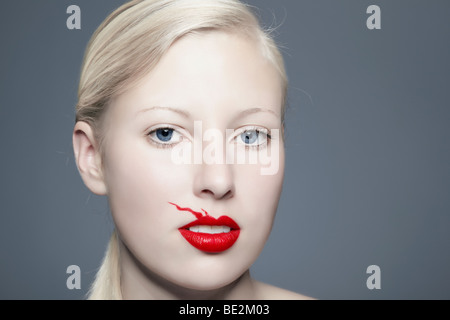 Portrait of a young blond woman with lipstick bleeding above her lip looking towards the viewer, imperfect, beauty Stock Photo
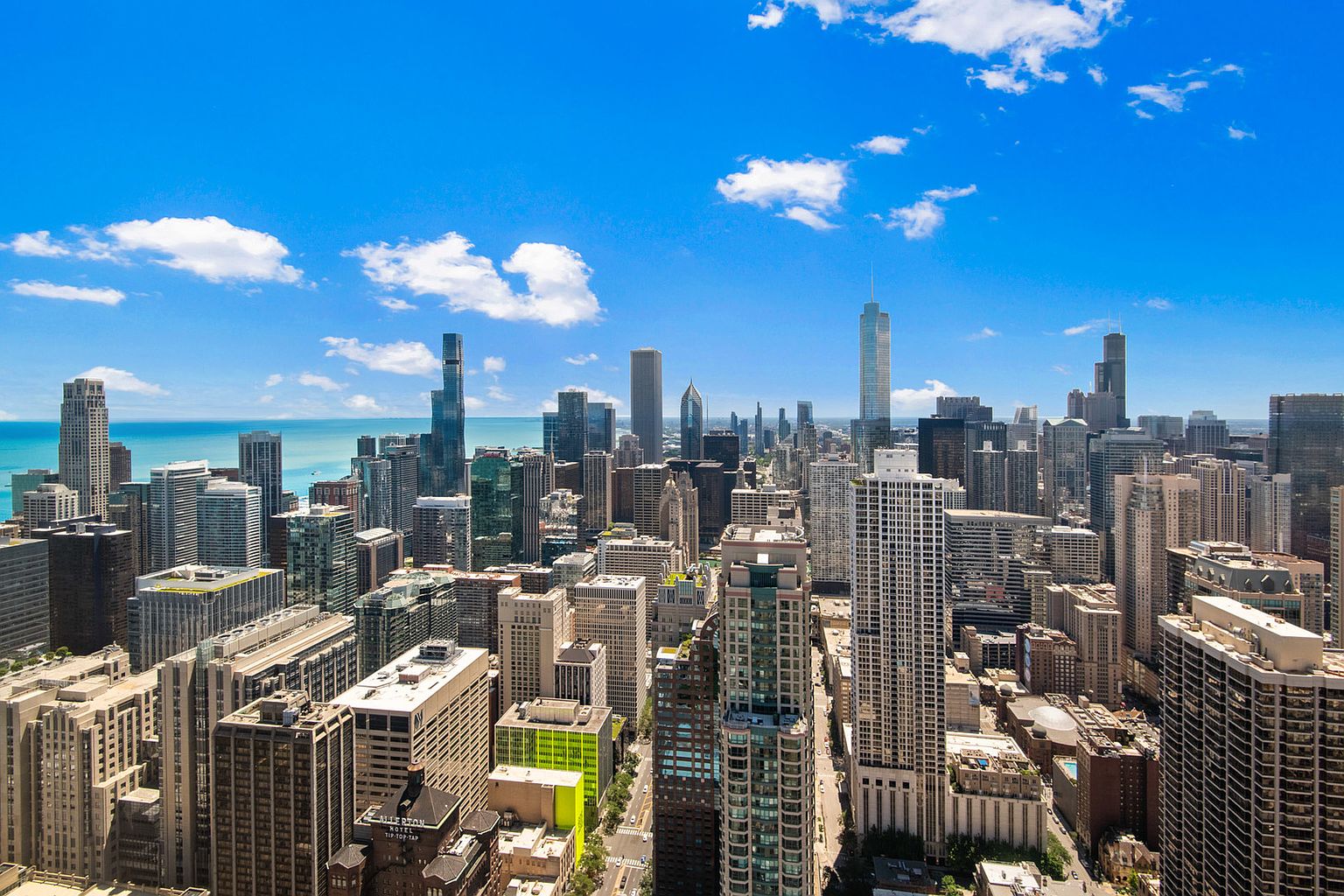 This aerial view showcases a dense urban cityscape under a bright blue sky dotted with fluffy white clouds. Numerous skyscrapers of varying heights and architectural styles dominate the scene, creating a dynamic skyline. The image captures the scale and vibrancy of the city, emphasizing its modern architecture and bustling atmosphere.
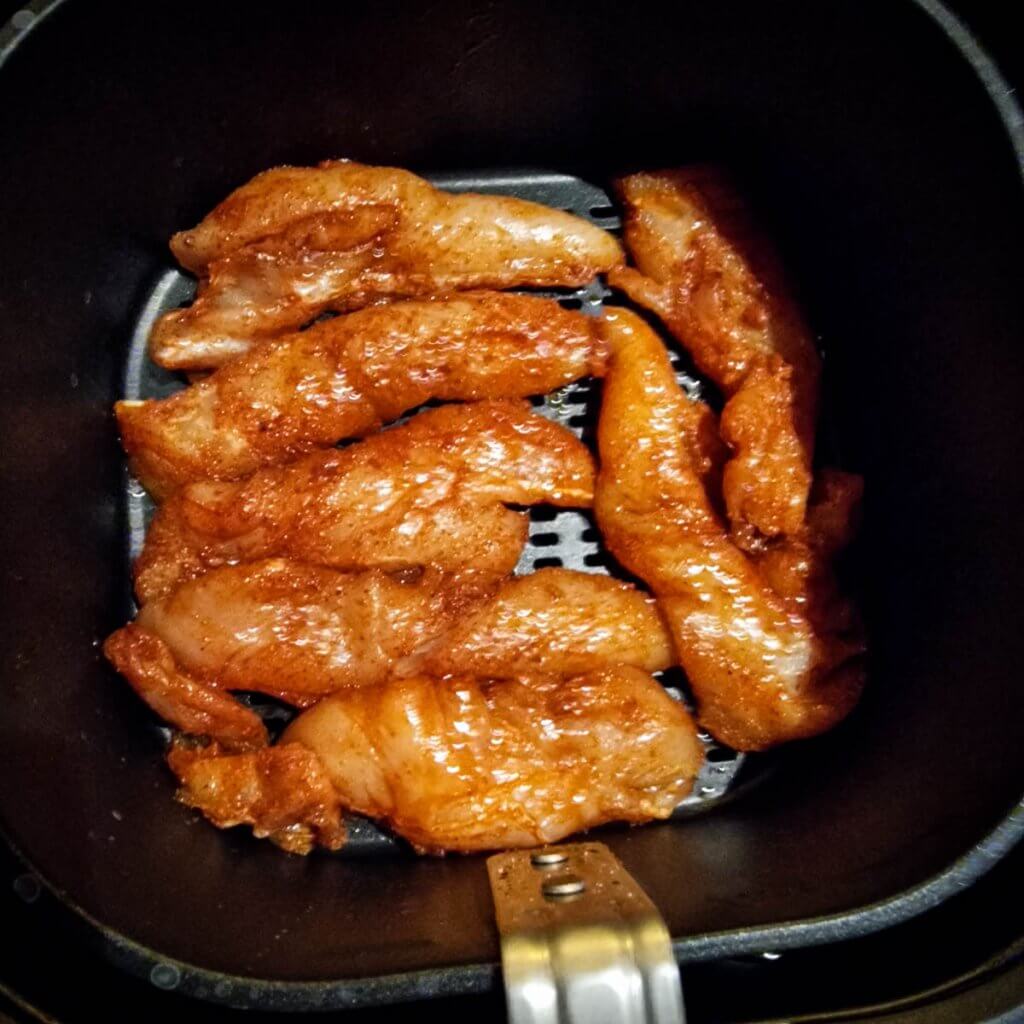 Air fryer chicken strips in air fryer basket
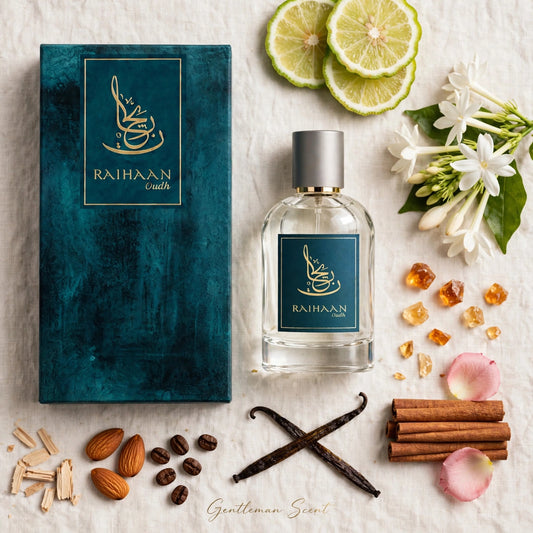 A clear rectangular perfume bottle with a silver cap and a dark teal label reading RAIHAAN scents, placed beside its matching teal box on a light fabric surface. The scene is styled with limes, white flowers, amber crystals, almonds, vanilla beans, cinnamon sticks, and pink petals.
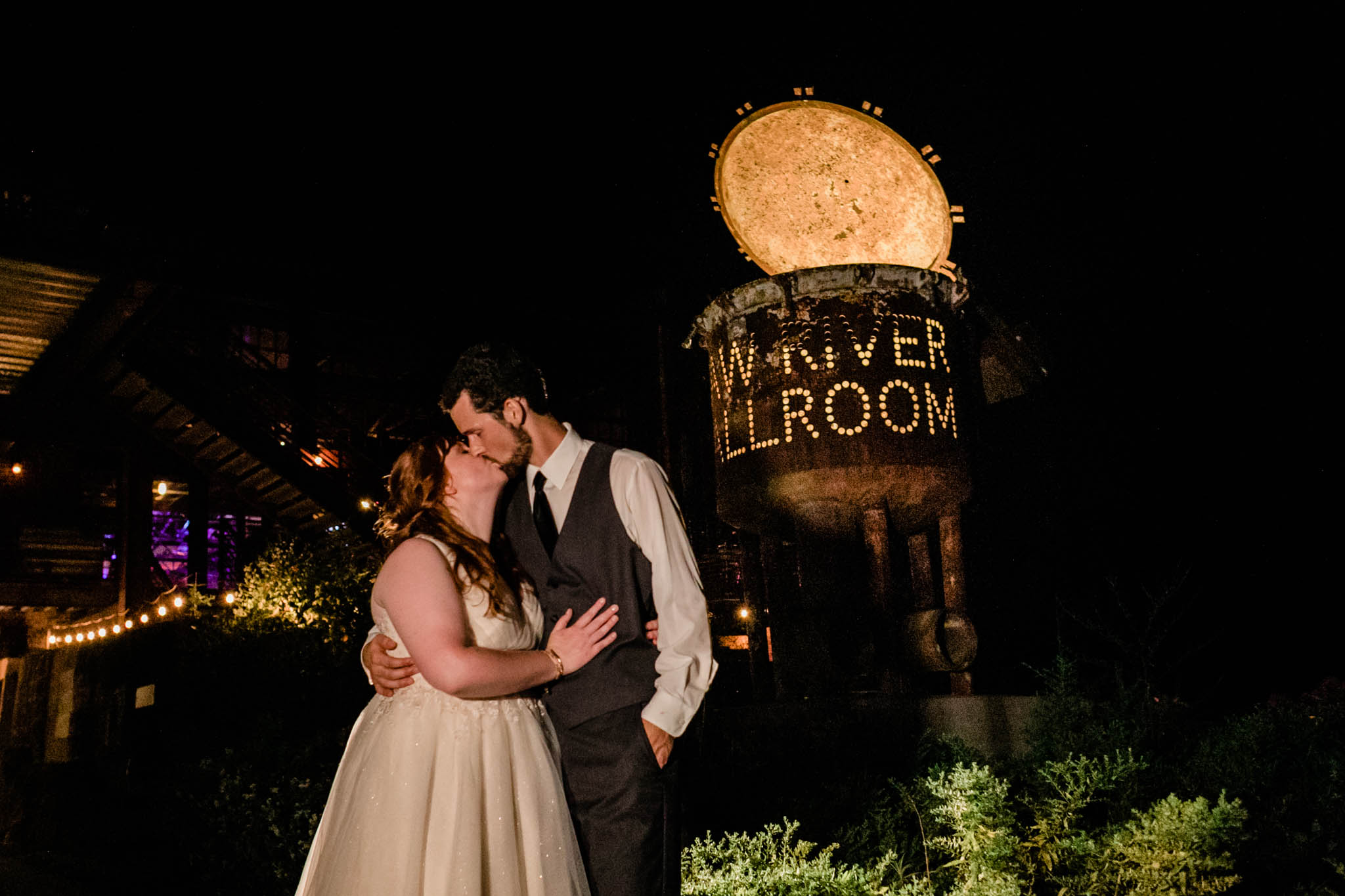 Haw River Ballroom Wedding | Durham Wedding Photographer | By G. Lin Photography | Evening shot of bride and groom outside kissing in front of Haw River Ballroom tank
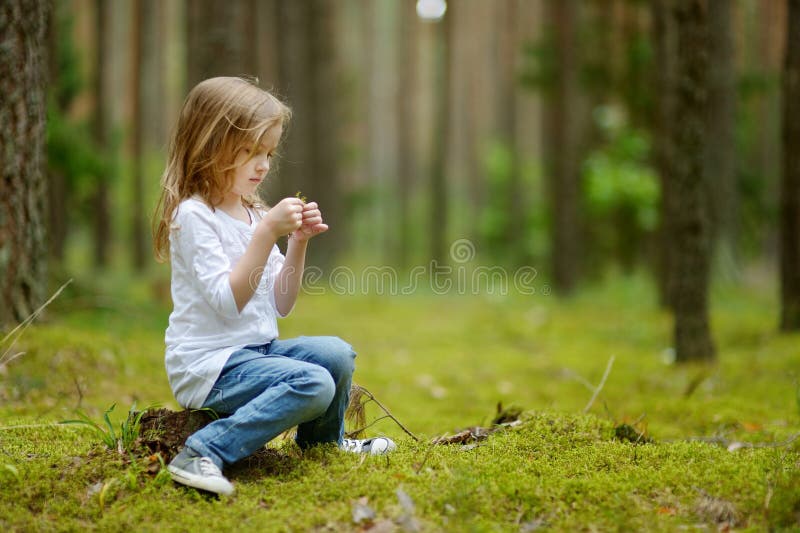 Adorable little girl hiking in the forest
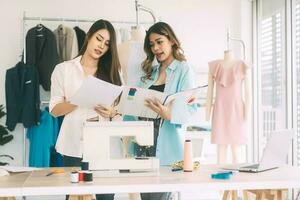 twee vrouw mensen kleermaker werken in mode ontwerp werkplaats studio foto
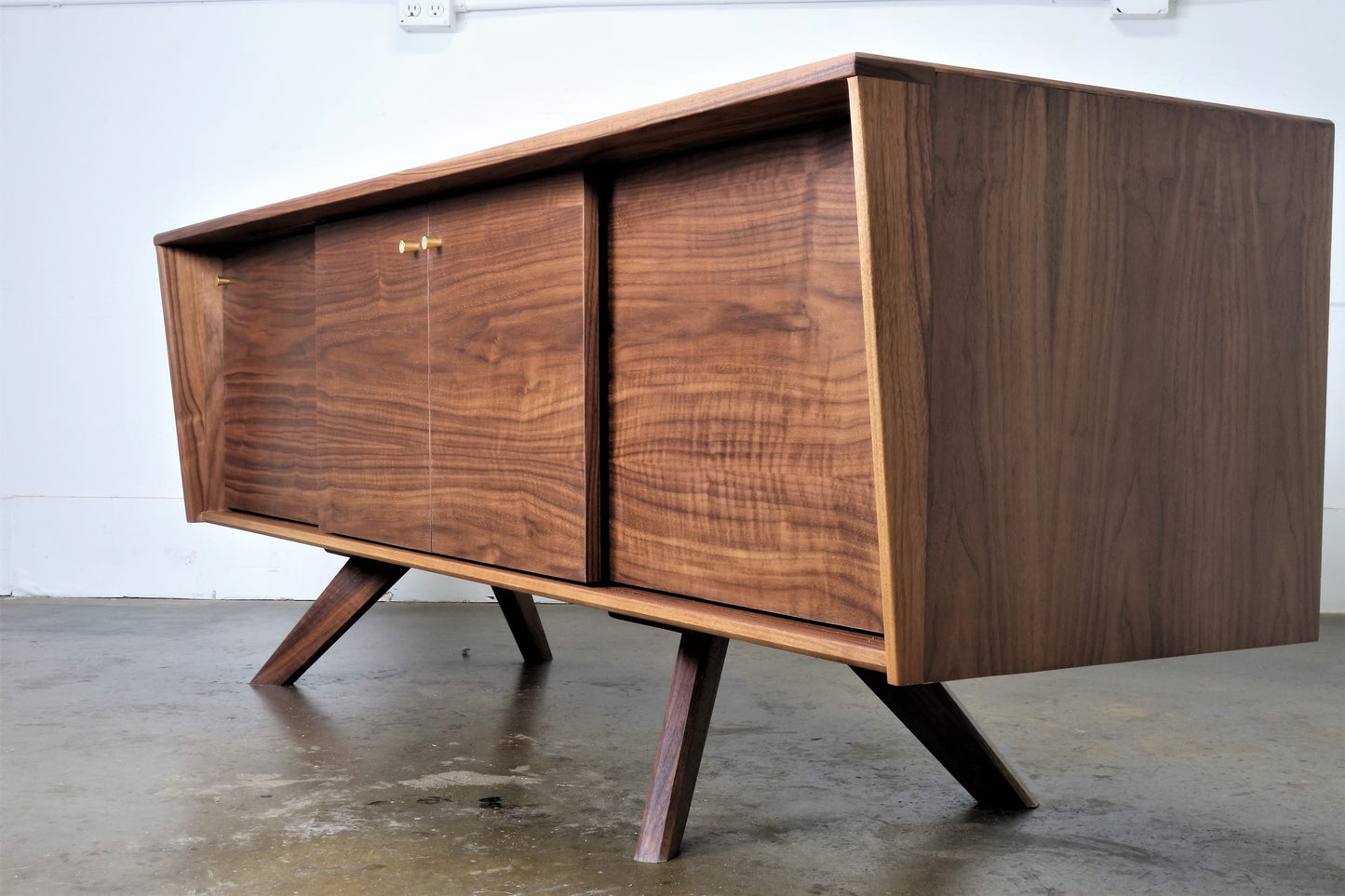 Side view of the LazyBoy console showcasing its elegant silhouette, solid walnut construction, and heirloom-quality craftsmanship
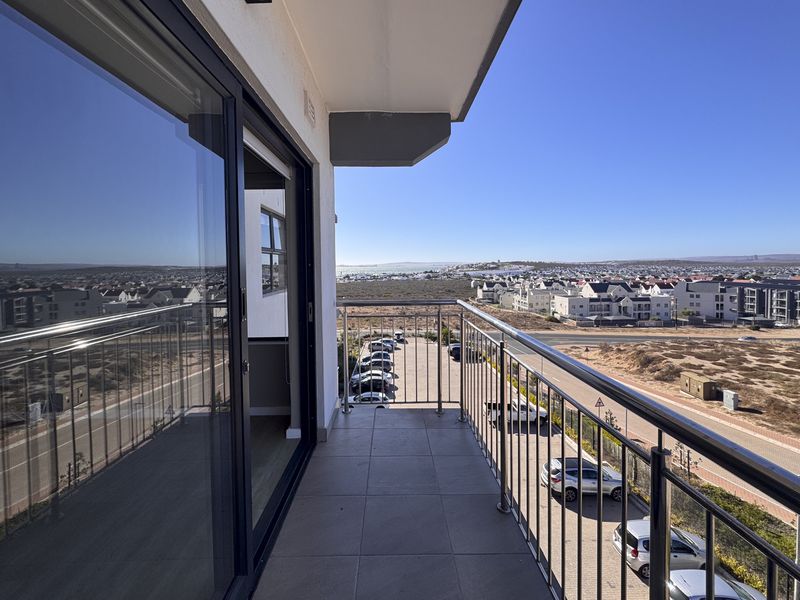 2 Bedroom + 2 Bath |  Top-Floor Coastal Sophistication with Panoramic Lagoon Views - Photo 7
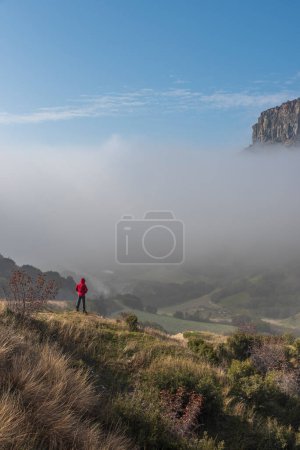 Photo for Kuladocia region, shaped by volcanic remains and erosion over centuries, in the Kula district of Manisa, where a solo person travels on a foggy day. - Royalty Free Image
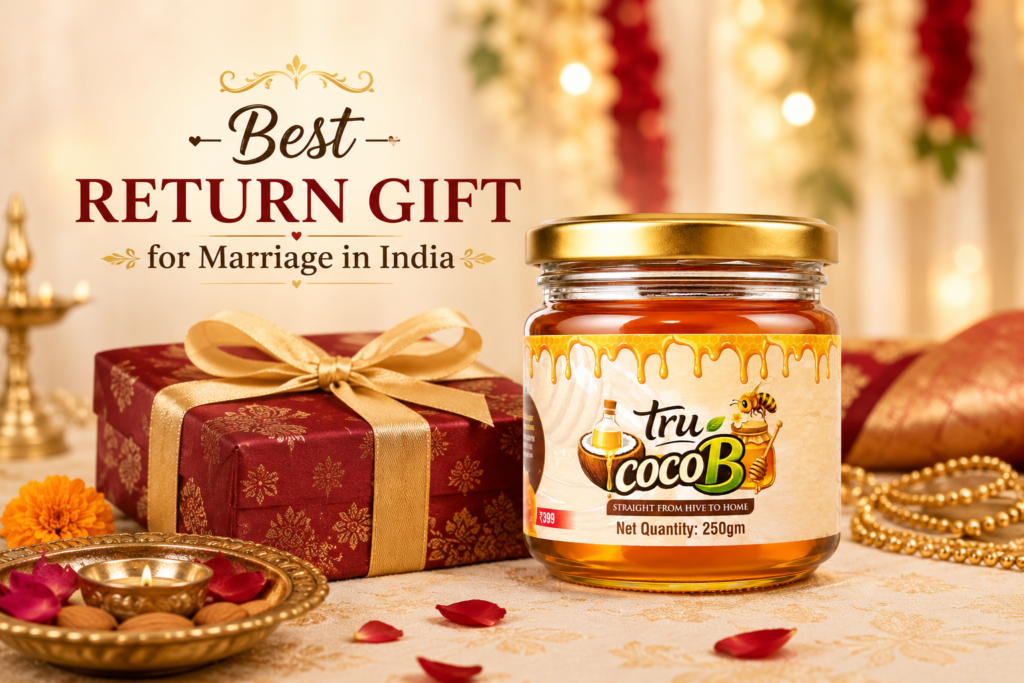 Tru-CocoB raw honey jar displayed with an elegant gift box in a traditional Indian wedding setting, highlighting honey as a thoughtful marriage return gift.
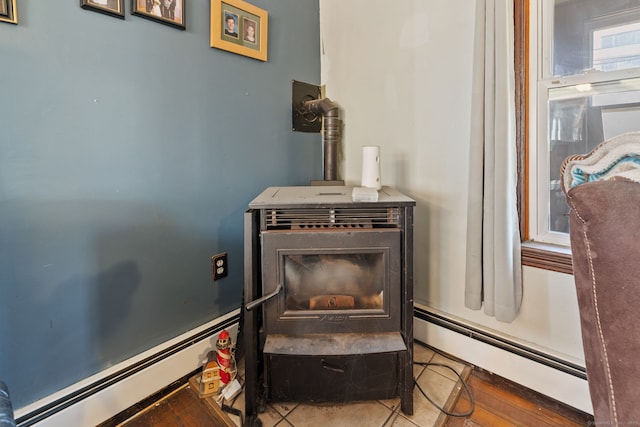 interior details featuring a wood stove and a baseboard heating unit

________________

Return the lines of the data above in full and exactly, with no pictures.

> [Task answer]:
 Portrait of a young blond woman with lipstick bleeding above her lip looking towards the viewer, imperfect, beauty Stock Photo
 This aerial view showcases a dense urban cityscape under a bright blue sky dotted with fluffy white clouds. Numerous skyscrapers of varying heights and architectural styles dominate the scene, creating a dynamic skyline. The image captures the scale and vibrancy of the city, emphasizing its modern architecture and bustling atmosphere.
 Air fryer chicken strips in air fryer basket
 A clear rectangular perfume bottle with a silver cap and a dark teal label reading RAIHAAN scents, placed beside its matching teal box on a light fabric surface. The scene is styled with limes, white flowers, amber crystals, almonds, vanilla beans, cinnamon sticks, and pink petals.
 Haw River Ballroom Wedding | Durham Wedding Photographer | By G. Lin Photography | Evening shot of bride and groom outside kissing in front of Haw River Ballroom tank
 Adorable little girl hiking in the forest
 twee vrouw mensen kleermaker werken in mode ontwerp werkplaats studio foto
 Side view of the LazyBoy console showcasing its elegant silhouette, solid walnut construction, and heirloom-quality craftsmanship
 2 Bedroom + 2 Bath |  Top-Floor Coastal Sophistication with Panoramic Lagoon Views - Photo 7
 Photo for Kuladocia region, shaped by volcanic remains and erosion over centuries, in the Kula district of Manisa, where a solo person travels on a foggy day. - Royalty Free Image
 Tru-CocoB raw honey jar displayed with an elegant gift box in a traditional Indian wedding setting, highlighting honey as a thoughtful marriage return gift.
 interior details featuring a wood stove and a baseboard heating unit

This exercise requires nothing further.